Q. 海外展開における三菱電機の衛星の強みは何だと思われますか?

トルコから受注した通信衛星「Turksat-4A/4B」(提供:三菱電機)
トルコから受注した通信衛星「Turksat-4A/4B」(提供:三菱電機)

海外の主要メーカーと比べると実績はまだ少ないですが、あえて言うならば「品質」と「信頼性」だと思います。標準衛星バス「DS2000」はこれまで大きな不具合を出しておらず、信頼性はとても高いです。また日本人の国民性から、私たちは誠実な態度で取り組み、顧客の要求にできるだけ応えようと努力します。日本のきめの細かいものづくりへの姿勢は評価が高く、多くの方が、一度仕事をするとまた次もぜひやりたいと言ってくれます。 Q. 海外展開において、衛星の実用化などを含めたパッケージ提案が効果的だと思われますか? 顧客が何を求めているのかを理解したうえで、他と差別化するために付加価値をつけるのは効果的だと思います。ただその付加価値は宇宙産業という狭い世界だけで考えるのではなく、日本の外交政策の大きな枠組みの中で、日本が相手国に何ができるかという観点で考えるべきだと思います。
その場合、他の産業とどう連携するかを私たちメーカーだけで考えるのは限界がありますので、官民が一緒になって1つのチームになるべきだと思います。そういう意味でトルコの衛星の商談は、JAXAはもちろん、宇宙開発戦略本部、文部科学省、現地大使館を含めた外務省のチームワークが本当に素晴らしく、官民の総合力の結果が受注成功につながりましたので、とても良い成功例になりました。

衛星を利用した国内インフラの確立

Q. 海外展開において、実績のほかに必要なことは何だと思われますか?

準天頂衛星初号機「みちびき」
準天頂衛星初号機「みちびき」

世界中のどの衛星メーカーも、まずは国主導の衛星ミッションに参画しその研究開発を通して技術力を高め、その技術をもって海外へ進出しています。世界に通用する技術を保持するためにも、国の衛星ミッションは継続的に必要だと思います。それがないと海外に出て行くための土台ができません。
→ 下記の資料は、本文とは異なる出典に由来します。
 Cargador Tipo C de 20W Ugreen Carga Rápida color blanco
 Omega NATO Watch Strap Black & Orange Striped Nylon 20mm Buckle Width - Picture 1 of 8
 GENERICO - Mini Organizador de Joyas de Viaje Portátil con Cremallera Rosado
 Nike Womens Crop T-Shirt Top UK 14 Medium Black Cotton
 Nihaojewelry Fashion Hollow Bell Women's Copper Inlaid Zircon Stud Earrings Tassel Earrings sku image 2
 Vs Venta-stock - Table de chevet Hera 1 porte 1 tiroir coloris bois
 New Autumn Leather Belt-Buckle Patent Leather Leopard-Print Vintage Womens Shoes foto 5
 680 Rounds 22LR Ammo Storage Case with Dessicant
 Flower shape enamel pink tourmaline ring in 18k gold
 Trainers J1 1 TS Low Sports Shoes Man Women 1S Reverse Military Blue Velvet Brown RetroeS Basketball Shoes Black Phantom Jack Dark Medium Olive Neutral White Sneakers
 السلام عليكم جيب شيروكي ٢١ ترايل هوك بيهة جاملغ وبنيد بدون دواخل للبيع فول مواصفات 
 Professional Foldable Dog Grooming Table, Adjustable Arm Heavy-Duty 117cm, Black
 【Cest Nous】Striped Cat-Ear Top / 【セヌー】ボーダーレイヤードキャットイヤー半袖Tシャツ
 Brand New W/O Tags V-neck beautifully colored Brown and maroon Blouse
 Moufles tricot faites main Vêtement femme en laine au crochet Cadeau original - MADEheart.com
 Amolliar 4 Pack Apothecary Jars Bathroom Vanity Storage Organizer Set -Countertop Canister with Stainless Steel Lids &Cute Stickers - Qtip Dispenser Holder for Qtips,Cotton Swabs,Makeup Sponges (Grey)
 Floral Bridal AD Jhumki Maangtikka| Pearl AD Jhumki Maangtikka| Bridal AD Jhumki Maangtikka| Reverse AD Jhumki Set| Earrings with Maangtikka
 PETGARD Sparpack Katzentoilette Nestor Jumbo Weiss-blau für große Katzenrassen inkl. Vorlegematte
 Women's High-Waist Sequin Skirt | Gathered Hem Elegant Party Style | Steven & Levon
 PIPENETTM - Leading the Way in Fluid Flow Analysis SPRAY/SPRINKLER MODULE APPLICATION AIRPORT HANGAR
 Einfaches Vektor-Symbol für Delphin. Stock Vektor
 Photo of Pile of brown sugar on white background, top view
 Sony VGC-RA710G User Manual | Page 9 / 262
また、そのような内需で優れた技術を開発できたときはすぐに商用衛星に展開しなければなりません。スピードがないと、すぐに世界に追い越されてしまいます。
インフラを輸出する場合は国内における長期の運用実績こそが信頼性につながりますので、日本国内のインフラを確立することが急務だと思います。衛星が目的とする「通信」「観測」「測位」はインフラの根幹ですから、それらを輸出できる可能性は大いにあります。ところが日本では、民間の通信衛星のサービスはあるものの衛星を利用したインフラシステムの構築が十分とはいえません。例えば以前、日本版GPSの準天頂衛星のシステムを売ってほしいという話もありましたので、衛星を利用したインフラシステムは世界から求められていると感じています。

Q. JAXAに期待することは何でしょうか?

宇宙の技術開発は民間だけでは困難です。インフラに応用でき、世界に通用する技術開発をぜひ追求してほしいと思います。世界の商用衛星市場を常に意識することで、日本の宇宙の製品力を強化することができます。例えば、既存の技術をさらに高度化するような開発です。このような開発は世界のみんなが追いかけていますが、競争が激しいところこそ、そこで1番をとらないと海外では勝てないと思うからです。
これを他に例えると、レーシングカーを作るのではなく、汎用性のある一般向けの乗用車を作るのと似ています。よく売れる乗用車を作るためには何の技術が必要か、どんな技術が求められているのかを見極めるのが大切です。衛星の場合も、どのような技術が製品として求められているのか、どのような製品が競争力を持つのかを客観的に検証して研究開発の計画を立ててほしいと思います。

顧客のさまざまなニーズに応える

Q. 宇宙事業の海外展開における今後の取り組みをお聞かせください。

私たちは商談があれば世界中どこへでも行きます。今年受注に成功したトルコの衛星の案件では、JAXAを含め官民の連携が重要であることを痛感しました。できればこれをプロトタイプ(模範)にして、これからの海外展開のベースを作りたいと思っています。特に今後は新興国での需要が高まると思いますので、それらの国をターゲットにした売り込みを進めたいと思います。
そのための取り組みの1つとして、JAXAが進める静止衛星システムの軽量化の研究に基づき、標準衛星バス「DS2000」の小型衛星版「DS2000S」を開発し、幅広く顧客のニーズに対応できるよう準備しています。さらに、今後主流となっていくであろう大型衛星用の「DS2000L」の開発にも取り組みたいと考えており、それに資する技術開発の推進に期待しています。これには新しい技術を取り入れ、JAXAの将来ミッションにも貢献できるようにしたいと考えています。

稲畑廣行(いなはたひろゆき)

三菱電機株式会社 電子システム事業本部 宇宙システム事業部 事業部長
1980年、早稲田大学大学院理工学研究科卒業。同年、三菱電機株式会社鎌倉製作所に入社。1981年に技術部技術第二課に配属され、人工衛星や搭載機器の開発に携わる。1997年、宇宙システム部センサー技術課課長。2002年、管制システム部SARプロジェクト部長、情報システム部次長。2004年、衛星情報システム部部長。2007年、鎌倉製作所副所長。2008年より現職。